Exercise requirements: Starting at the line below with "Bắc Ninh: Tổ" and stopping at the line with "women's t-shirt White", please print each line exactly, those two included, and skip every picture.

Data extracts:

- Opening Delimiter -

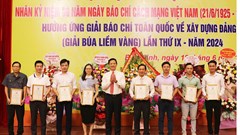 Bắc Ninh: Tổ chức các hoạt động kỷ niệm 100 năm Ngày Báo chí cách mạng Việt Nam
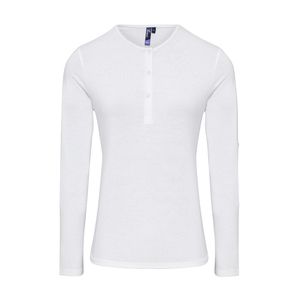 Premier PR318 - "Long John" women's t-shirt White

- Closing Delimiter -
- Opening Delimiter -

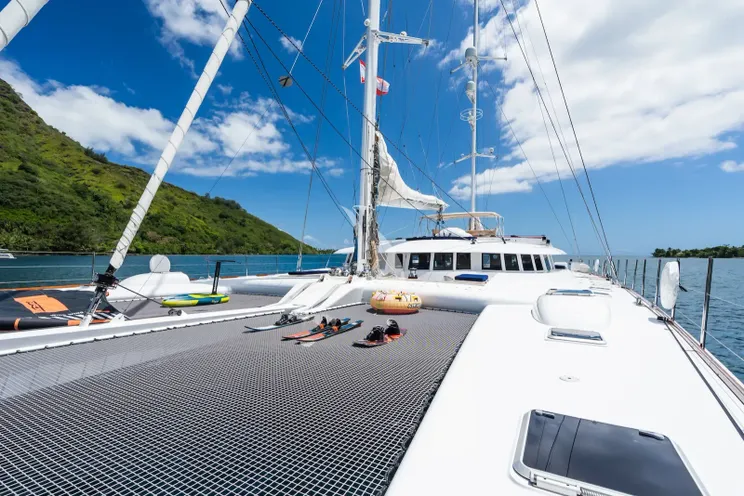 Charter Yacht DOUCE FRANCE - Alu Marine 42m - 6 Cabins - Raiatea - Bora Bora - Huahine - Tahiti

- Closing Delimiter -
- Opening Delimiter -

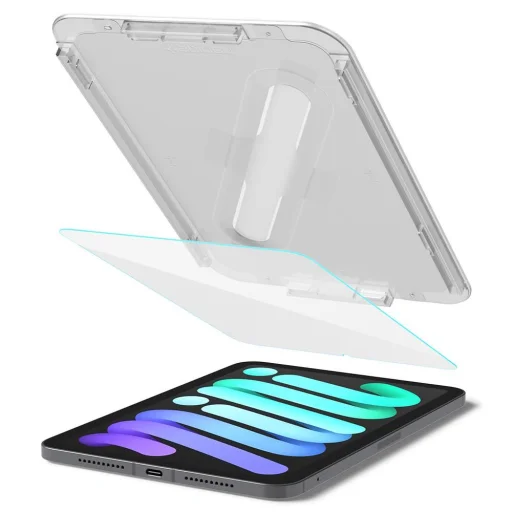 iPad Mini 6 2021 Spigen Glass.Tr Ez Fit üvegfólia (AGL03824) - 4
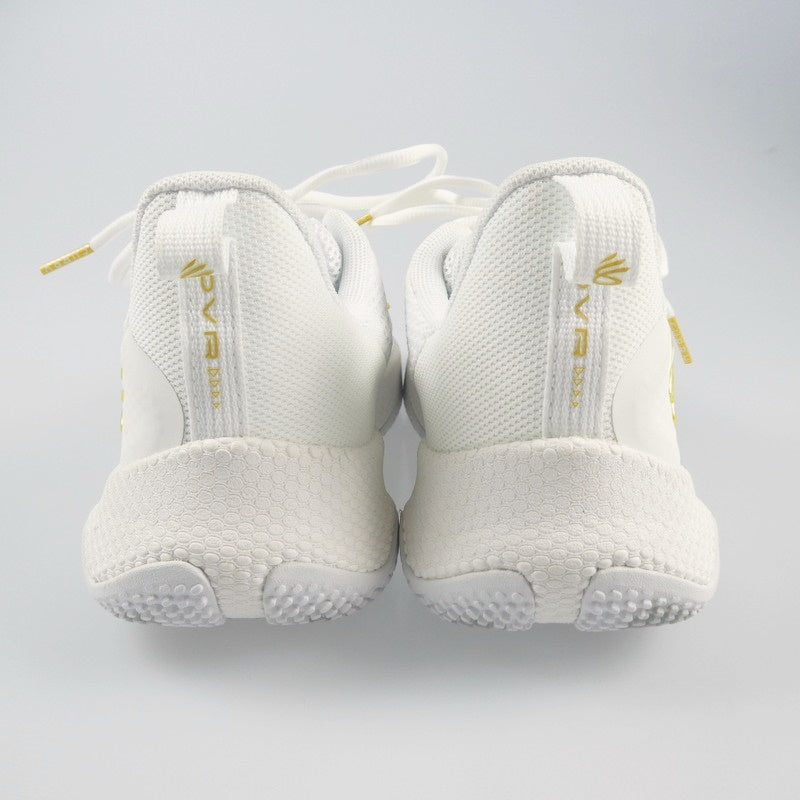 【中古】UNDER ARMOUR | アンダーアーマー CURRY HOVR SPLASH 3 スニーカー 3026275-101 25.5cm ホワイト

- Closing Delimiter -

Response box:
 Bắc Ninh: Tổ chức các hoạt động kỷ niệm 100 năm Ngày Báo chí cách mạng Việt Nam
 Premier PR318 - "Long John" women's t-shirt White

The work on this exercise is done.